The FINANCIAL — Merck, known as MSD outside the United States and Canada, on September 2 announced that the U.S. Food and Drug Administration (FDA) has approved a supplemental New Drug Application (sNDA) for EMEND (aprepitant) capsules, a substance P/neurokinin 1 (NK1) receptor antagonist.
With this expanded indication, EMEND capsules are now approved for use in combination with other antiemetic agents in patients 12 years of age and older and patients less than 12 years who weigh at least 30 kg (approximately 66 pounds) for the prevention of acute and delayed nausea and vomiting associated with initial and repeat courses of highly emetogenic cancer chemotherapy (HEC) including high-dose cisplatin, as well as for the prevention of nausea and vomiting associated with initial and repeat courses of moderately emetogenic cancer chemotherapy (MEC). EMEND has not been studied for treatment of established nausea and vomiting. Chronic continuous administration of EMEND is not recommended because it has not been studied, and because the drug interaction profile may change during chronic continuous use, according to Merck.
With this approval, EMEND is the first and only NK1 receptor antagonist to be approved for the prevention of acute and delayed phases of chemotherapy-induced nausea and vomiting (CINV) in patients 12 to 17 years of age and patients less than 12 years who weigh at least 30 kg receiving HEC or MEC. The approval was supported by data from a pivotal Phase 3 study that showed adding EMEND to a standard regimen for prevention of CINV in HEC or MEC regimens resulted in a reduction of emetic events.
EMEND is contraindicated in patients with any known sensitivity to any component of this drug. EMEND is also contraindicated for patients taking pimozide.
There is no commercially available dosage formulation of EMEND appropriate for patients less than 12 years of age and weighing less than 30 kg. Therefore, EMEND is indicated for the prevention of nausea and vomiting associated with HEC or MEC in patients 12 years of age and older and patients less than 12 years of age who weigh at least 30 kg.

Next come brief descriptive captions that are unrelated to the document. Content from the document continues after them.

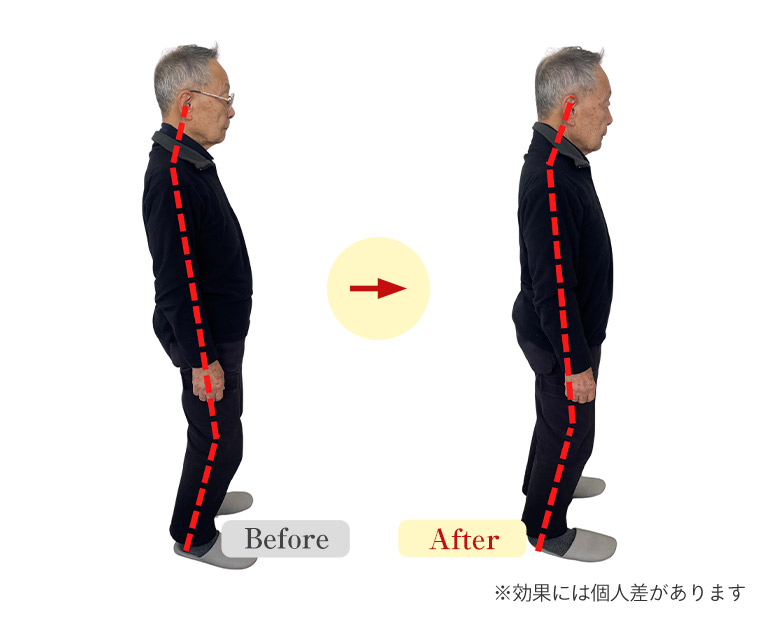 ビフォーアフター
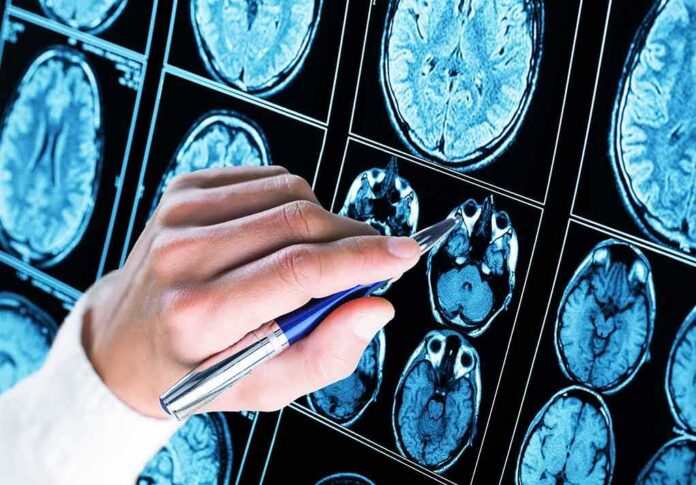 shutterstock_1176078337 Hand with pen pointing at brain MRI scans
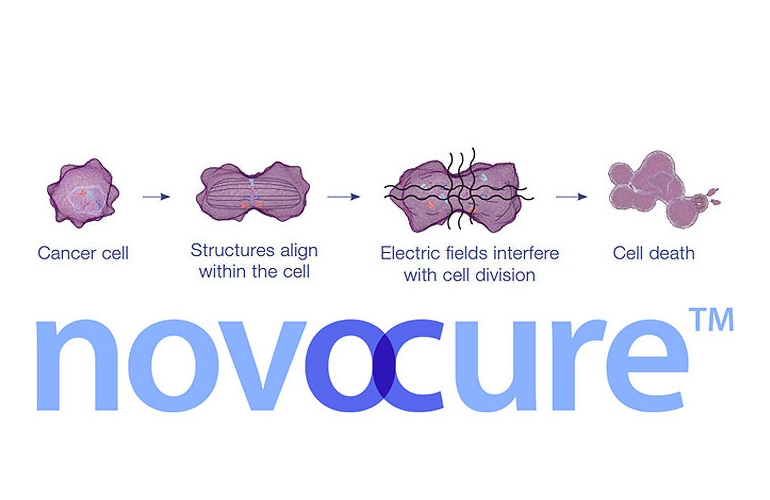 Novocure Touts Phase II Pancreatic Cancer Pilot Study - Drug Delivery ...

Data Supporting the Expanded FDA Approval
The FDA approval of this expanded indication for EMEND (aprepitant) was based in part on findings from a randomized, double-blind, active-comparator-controlled clinical study that assessed EMEND in combination with ondansetron (EMEND regimen) compared to ondansetron alone (control regimen) for the prevention of CINV in patients 12 to 17 years of age and patients less than 12 years of age who weighed at least 30 kg (n=63 and 69, respectively) receiving HEC or MEC. Intravenous dexamethasone was permitted at the discretion of the physician. The primary endpoint was complete response (no vomiting, retching and no use of rescue medication) in the delayed phase (25 to 120 hours following initiation of chemotherapy). Other pre-specified endpoints included: complete response in the acute phase (0 to 24 hours following initiation of chemotherapy), complete response in the overall phase (up to 120 hours following initiation of chemotherapy), and safety and tolerability. For the population aged 12 to 17 years and patients less than 12 years who weighed at least 30 kg (n=132), data included in the label show that in the delayed phase, a 49.2 percent (n=31/63) complete response rate was observed in the EMEND regimen compared to 18.8 percent (n=13/69) in the control regimen; in the acute phase, a 55.6 percent (n=35/63) complete response was observed in the EMEND regimen compared to 37.7 percent (n=26/69) in the control regimen; and, in the overall phase, a 34.9 percent (n=22/63) complete response was observed in the EMEND regimen compared to 13.0 percent (n=9/69) in the control regimen.
The most common adverse reactions reported in pooled studies of 352 pediatric patients receiving HEC or MEC treated with the EMEND regimen (versus the control regimen) were neutropenia (13% vs 11%), headache (9% vs 5%), diarrhea (6% vs 5%), decreased appetite (5% vs 4%), cough (5% vs 3%), fatigue (5% vs 2%), hemoglobin decreased (5% vs 4%), dizziness (5% vs 1%), and hiccups (4% vs 1%).
“The FDA approval of this expanded indication for EMEND is the result of our commitment to fully realizing the potential of our therapies to help as many patients as possible,” said Stuart Green, vice president, clinical research, Merck Research Laboratories. “Historically, significant improvements in pediatric medicine have been slow due to many challenges such as clinical trial size. However, at Merck, these obstacles have invigorated our efforts to bring forward a new option for these patients.”